Top of MATERIAL PROVIDED

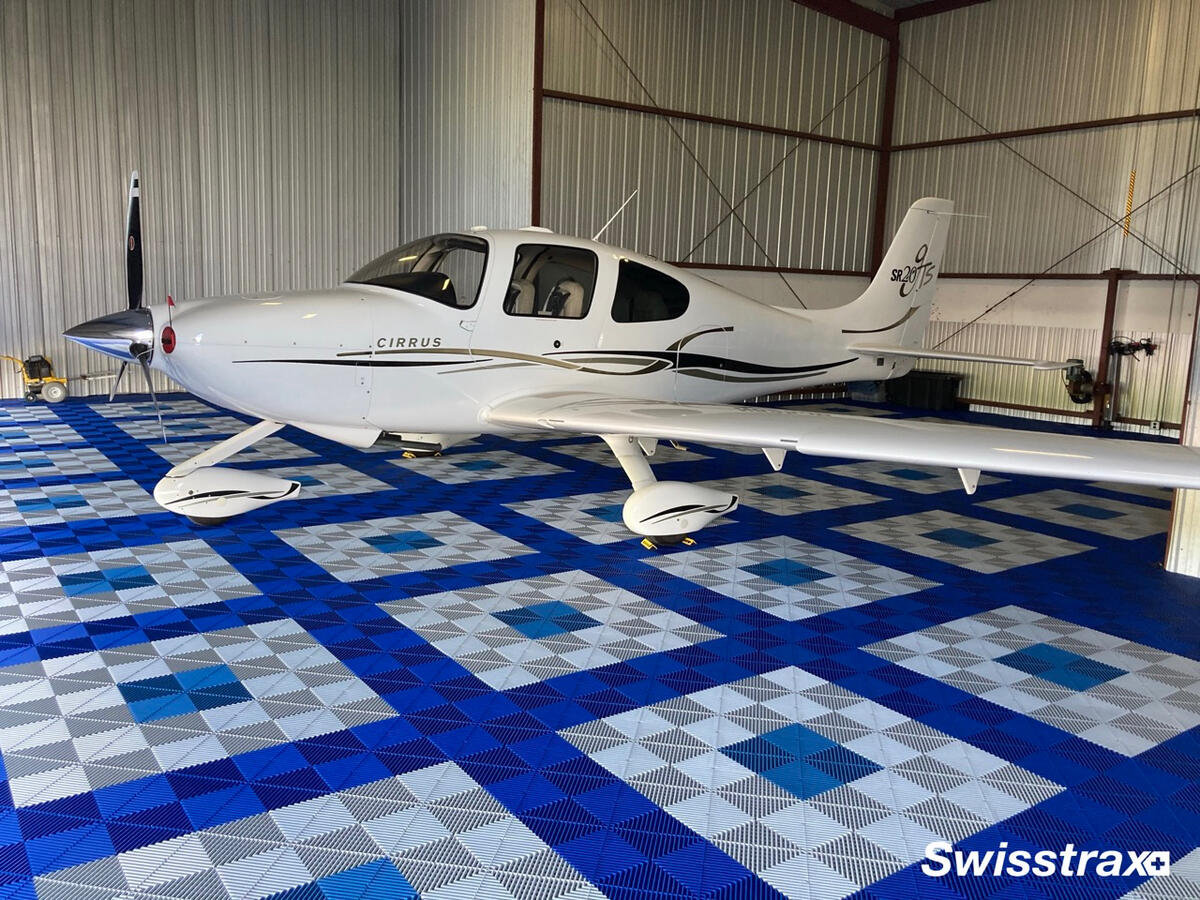 Blue and white Swisstrax hangar floor beneath a small airplane Blue and white Swisstrax hangar floor beneath a small airplane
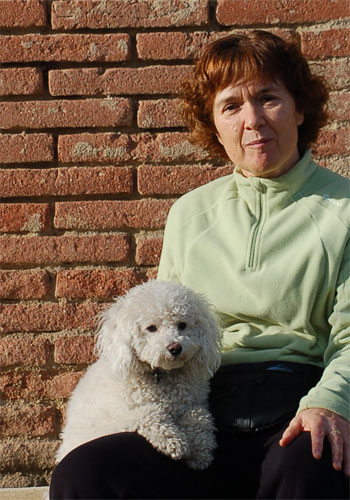 Dona amb gos blanc davant d'un mur de maons.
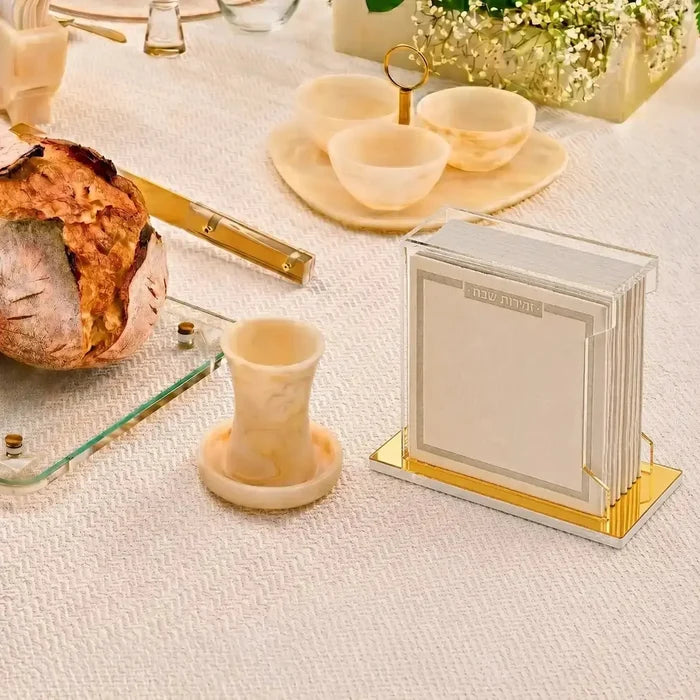 Cream and gold softcover leather bencher set displayed on white surface with Lucite stand, alongside challah bread and tableware for Shabbat.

Bottom of MATERIAL PROVIDED

- [EXERCISE] Could you repeat the data exactly, omitting its pictures?

- [ANSWER SECTION]
 Blue and white Swisstrax hangar floor beneath a small airplane Blue and white Swisstrax hangar floor beneath a small airplane
 Dona amb gos blanc davant d'un mur de maons.
 Cream and gold softcover leather bencher set displayed on white surface with Lucite stand, alongside challah bread and tableware for Shabbat.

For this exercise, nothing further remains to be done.